- **Data shown**
+++
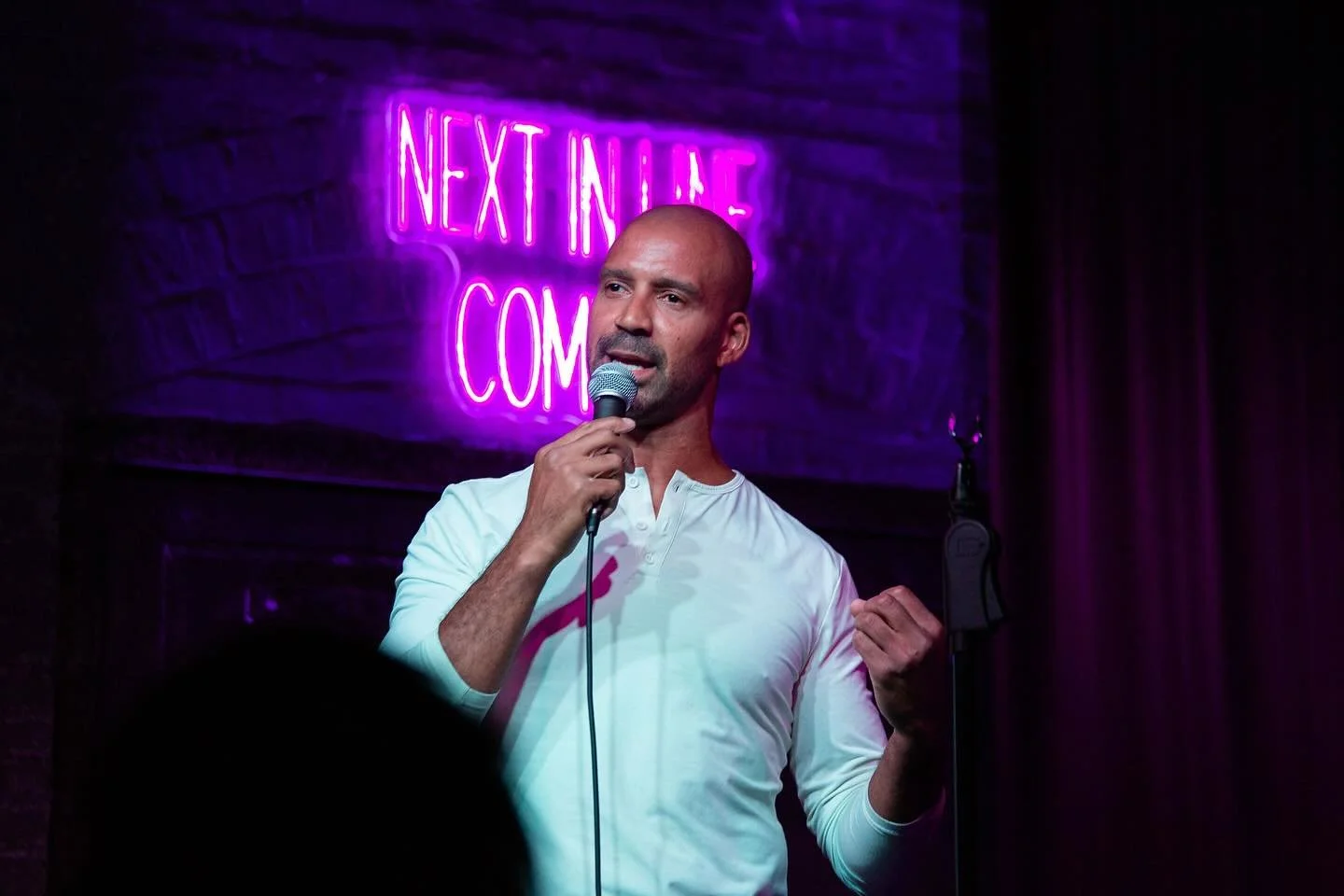 Early show is sold out, but tickets for the late show tonight are still available, grab yours via the link in bio! 🎤🎟️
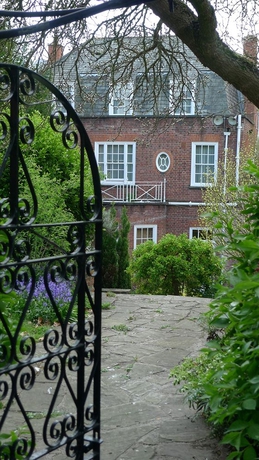 Imagen de los exteriores del Hotel The Chequers. Foto 8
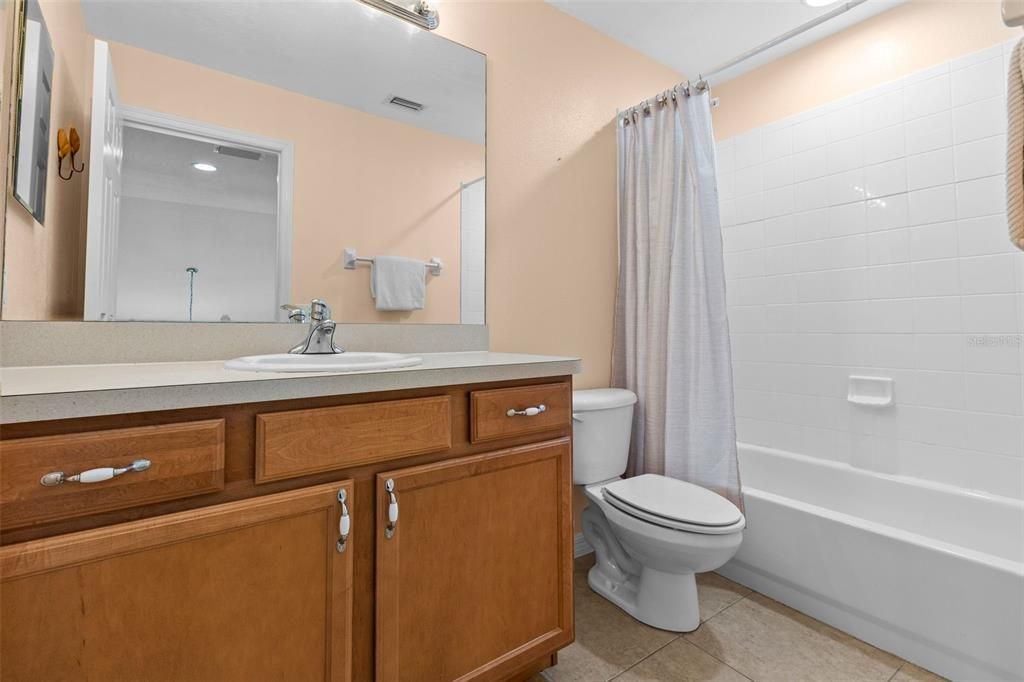 En Venta: $445,000 (3 camas, 2 baños, 2027 Pies cuadrados)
+++
- **How to complete this task**
Everything in the listing above is to be given again exactly, apart from the pictures.

- **Output below**
 Early show is sold out, but tickets for the late show tonight are still available, grab yours via the link in bio! 🎤🎟️
 Imagen de los exteriores del Hotel The Chequers. Foto 8
 En Venta: $445,000 (3 camas, 2 baños, 2027 Pies cuadrados)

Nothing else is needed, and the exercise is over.